トンキさんの質問が面白かったので、
ちょっと長く書いてみます。
文化とはなにか。
なにが文化たるか。
僕は、文化には男的なものと女的なものがあると考えています。
ジェンダー論がやかましくいったとしても、
それは伝統的な人間が継いできたものなので、
男的、女的とよぶことにします。
男的なものは、
世界を前に進めるものです。
こういう新しい考え方がある、
こういう新世界がある、
こういう改良をすると、もっと良くなる、
それはリスクを伴い、死ぬかもしれないが、
家族や一族をよりよい方向に導く可能性があるなら、
それに賭けてゆく、一種の冒険です。
女的なものは、世界をいやすものです。
傷ついたものをやさしく包み込み、
自信を回復させ、再び立ち上がる元気や勇気をわいてこさせるもので、
ちいさな差異を重視して、
攻撃をしないもので、
同質性の確認でつながっていくものです。
男的なものは、
同質性よりも異質を尊びます。
今までの世界から比べて、
新しいものであるからには、
異質なものでないと意味がないからです。
女的なものは、世界の維持、
男的なものは、世界の革新に、
関係していると考えます。
もちろん、男の中に女的なものがあってもいいし、
女の中に男的なものがあってもいいです。
各自の性と性質が一致しなくてもよく、
それらを便宜上そう呼んでいるだけです。
ある人に向かって、
「あなたはこういう人なのね、そのままで素敵よ」
といやすのは女的な文化、
「お前それじゃだめだろ、新しいものを持ってこい」
と鼓舞するのは、男的な文化です。
で。
メアリースー的な文化の話をしましょう。
メアリースーはサービス業です。
キャバクラ嬢がわかりやすいでしょう。
なにを言っても聞いてくれて、すごいと言ってくれる、
そういうものです。
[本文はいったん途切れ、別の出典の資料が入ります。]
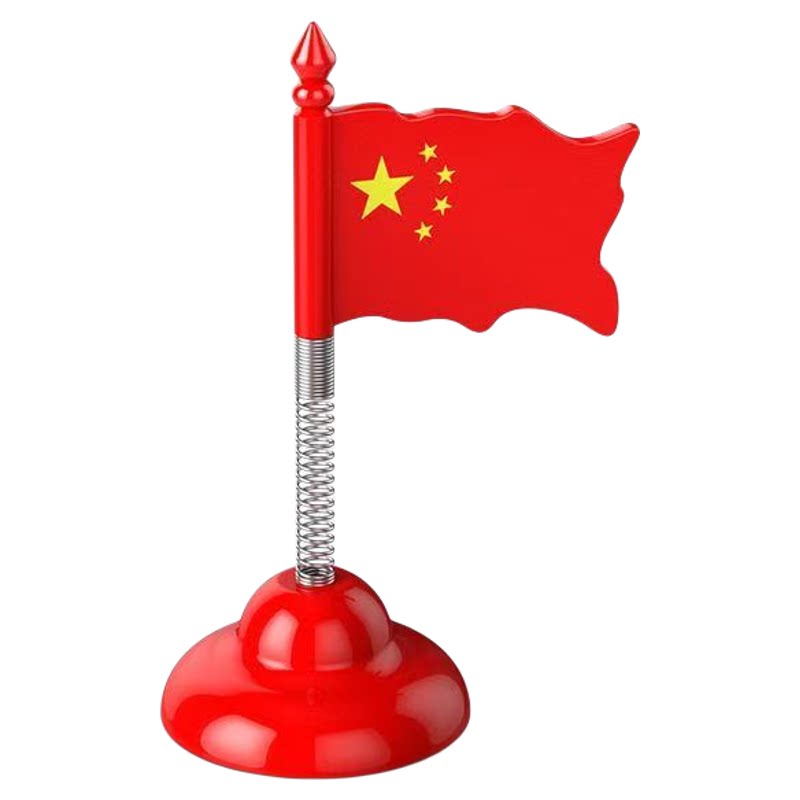 爱国旗帜车载中控仪表摆件小红旗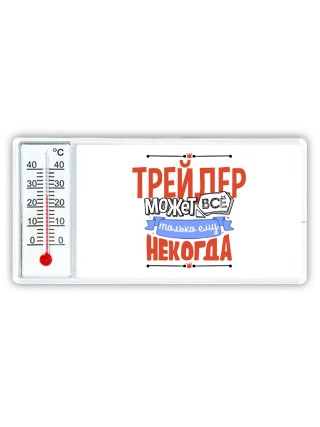 трейдер может всё, только ему некогда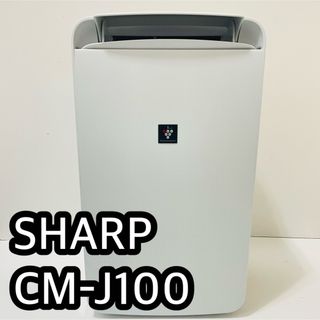 シャープ(SHARP)の6611 SHARP CM-J100 除湿機 衣類乾燥機 冷風 2019年製(加湿器/除湿機)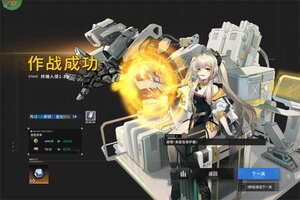 《行界》新服终于来了  新老玩家迎全新版共享多重大礼包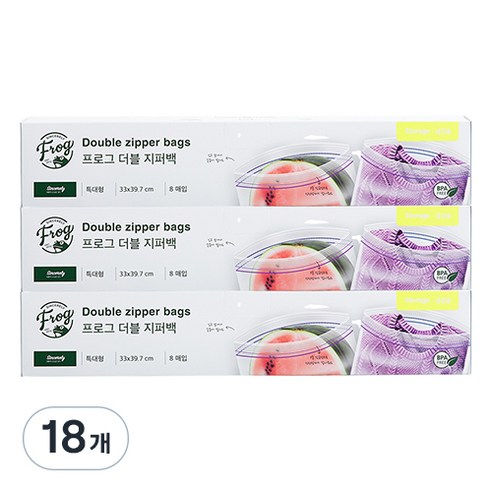 프로그 더블 지퍼백 특대형 8p 냉장용, 18개
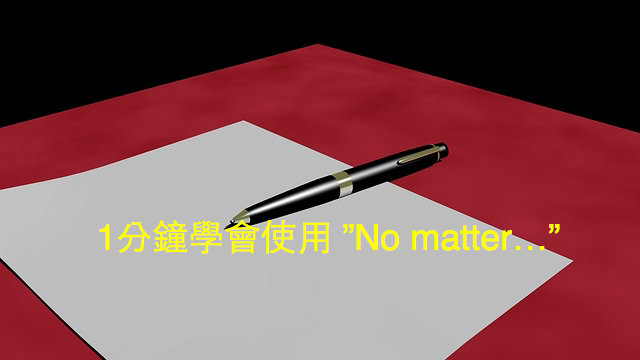 原來No matter 這麼簡單，1分鐘學會使用 ”No matter…”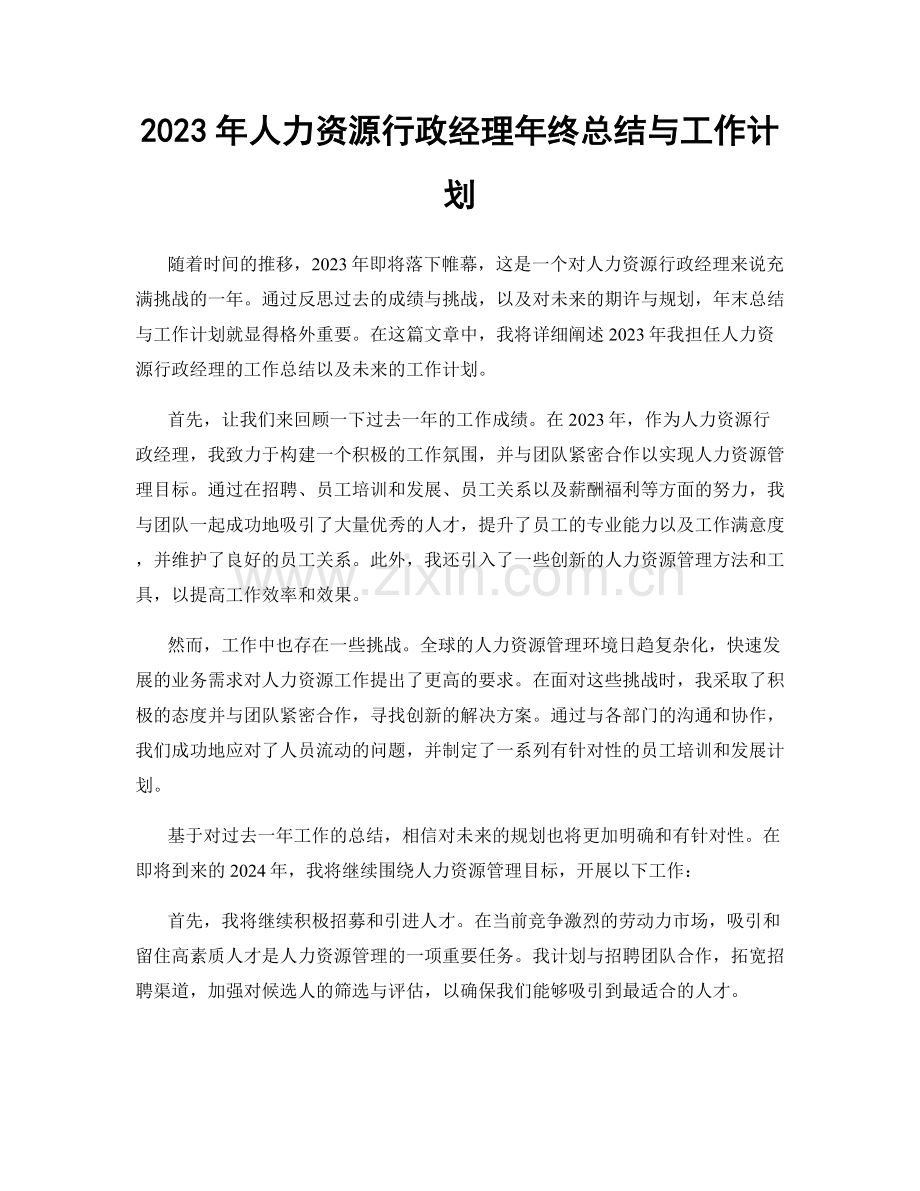 2023年人力资源行政经理年终总结与工作计划.docx_第1页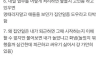 결혼이 ㅈ같은 이유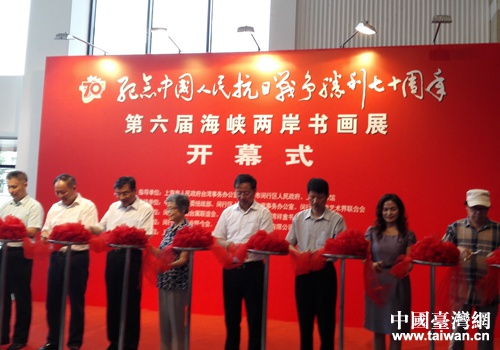 第六屆海峽兩岸書畫展上海舉行 第六屆海峽兩岸書畫展上海舉行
ほんとはすごくないのに。
でもすごいと称賛されたくて、
人はそのようなサービスに金を払います。
「あなたが苦労することはなくて、
そのままでいいのです」というサービスはすべてこれです。
たとえば、家にいながらにして、
色々なものを買えるアマゾンは、サービスです。
で。
物語はどうあるべきでしょうか。
サービスに慣れきって、
苦労しなくて傷をなめてほしい人は、
メアリースーの物語を喜びます。
わたしは悪くないと言ってほしいのです。
自信がなく縮こまっている人が、
そのままで全能感を味わいたい人が、
メアリースーの物語を喜びます。
メアリースーが完全な悪かどうかでいうと、
存在しててもよいと思います。
それは女的なものがない場合、
人は傷ついて死んでしまうからです。
癒しがないと、強い人以外は生きていけない。
同時に、それは温室にしかならないときもあります。
温室育ちを作り続けるだけの罪も、同時にあります。
男的な、鍛えるものがあるべきで、
世界に冒険して、死んでも果実をとりにいくものがあるべきで、
それが新しい発見をもたらし、
新しい知見をもたらし、
新大陸を発見させるべきです。
そうやって人類は進化してきたのだと、
僕は考えます。
そのどっちもが、文化を作ってきました。
文学も、演劇も、音楽も、その他もろもろも。
昨今、女的なものが支配的になっているような気がします。
女は暴力が嫌いで、名誉や主張を好みません。
くどいようですが、女の性とは関係なく、
便宜的にそうよぶものと思ってください。
(統計的には、女性に女的な成分が多く、
男性に男的なものが多いのはありますが)
で、そうすると、
男的なものの価値がさがります。
いまや、人類は、
女的なものに囲まれて、
衰退がはじまっているのではないでしょうか。
新しい考え方や発展がなく、
文化も停滞し、
子供を増やそうともしない。
探検するべき世界はもうどんづまりで、
地球は一周してしまった。
(月はなにもないし、火星は遠すぎる)
あとは後進国や下級国民を食い物にして、
上級国民が搾取を続けるだけになるでしょう。
現状維持こそが女的ですからね。
男的なものは、
破壊とセットです。
なにかを壊さないと、
前には進めません。
砕氷船のへさきが、男的なものの代表です。
メアリースーそのものに、
たいした罪はないかもです。
単純に、傷ついたものをいやす効果もあるでしょう。
でも、物語に癒されるのではなく、
現実の人間が、現実の人間をいやしてあげるべきではないでしょうか。
それができない大人がふえたのでしょうか。
現代人は、孤独になってしまったのでしょうか。
僕は、
文化とは、
人類を前に進めるべきものであると考えています。
現状維持で「それな」を確認するものではないと。
だからメアリースーを否定します。
メアリースーは、パクリの温床でもあります。
だって新しいものを尊ばないからね。
現状確認しかしないからね。
冒険は痛みを伴うものです。
破壊を伴うものです。
みんな痛いのが嫌いなのでしょうか。
その先にある成長や発展や、
改善や理想を、見ないのでしょうか。
とても詳しく深い返信、ありがとうございました。
> 文化とは、
> 人類を前に進めるべきものであると考えています。
> 現状維持で「それな」を確認するものではないと。
> だからメアリースーを否定します。
胸にぐっと迫る言葉に、体の中から熱いものが込み上げてきました。
今後も大岡さんの作品を楽しみにしております!
ちなみに、風魔は原作を越えた傑作中の傑作だと思っています。10回以上見ました!
逆風のなか頑張って行こうと思います。
CMですが、なかなかの自信作が3月末から流れるので、
そのときは告知します。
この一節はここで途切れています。